**Goal of the exercise**
Start at the line below containing "Child Wave Pattern" and stop at the line containing "TJEB78 District Of Columbia License Plate". Repeat every line of that stretch exactly, and nothing outside it.

**Source material**
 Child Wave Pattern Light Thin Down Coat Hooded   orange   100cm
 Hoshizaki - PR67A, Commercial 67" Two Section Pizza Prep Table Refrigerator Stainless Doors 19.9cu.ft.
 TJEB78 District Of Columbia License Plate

...

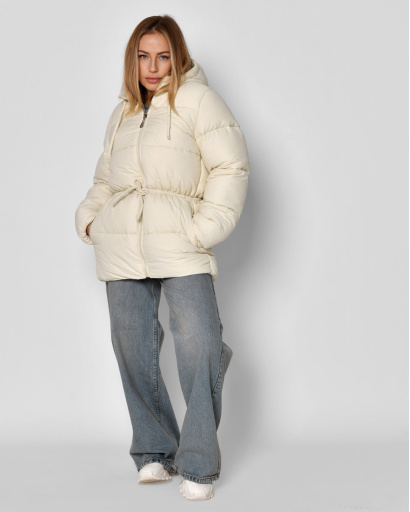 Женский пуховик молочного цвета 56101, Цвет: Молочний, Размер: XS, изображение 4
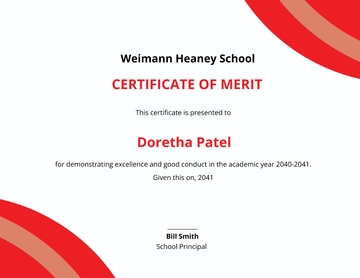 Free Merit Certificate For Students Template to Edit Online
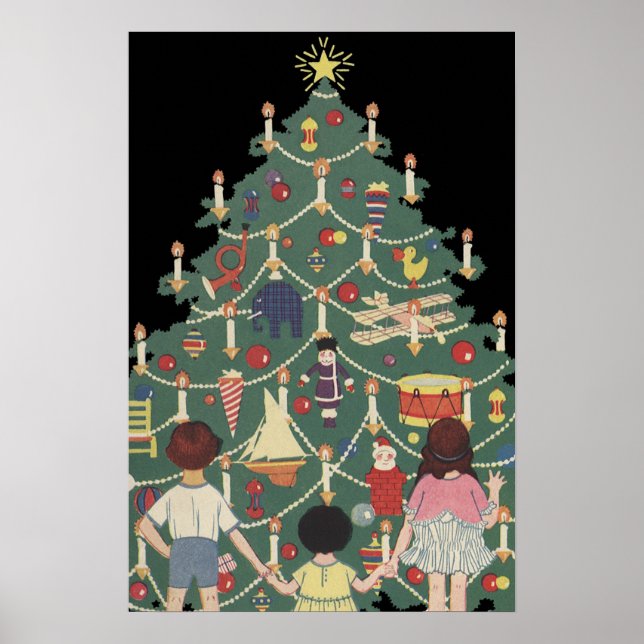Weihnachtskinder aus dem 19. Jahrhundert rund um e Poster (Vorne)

**Answer to the problem**
 Child Wave Pattern Light Thin Down Coat Hooded   orange   100cm
 Hoshizaki - PR67A, Commercial 67" Two Section Pizza Prep Table Refrigerator Stainless Doors 19.9cu.ft.
 TJEB78 District Of Columbia License Plate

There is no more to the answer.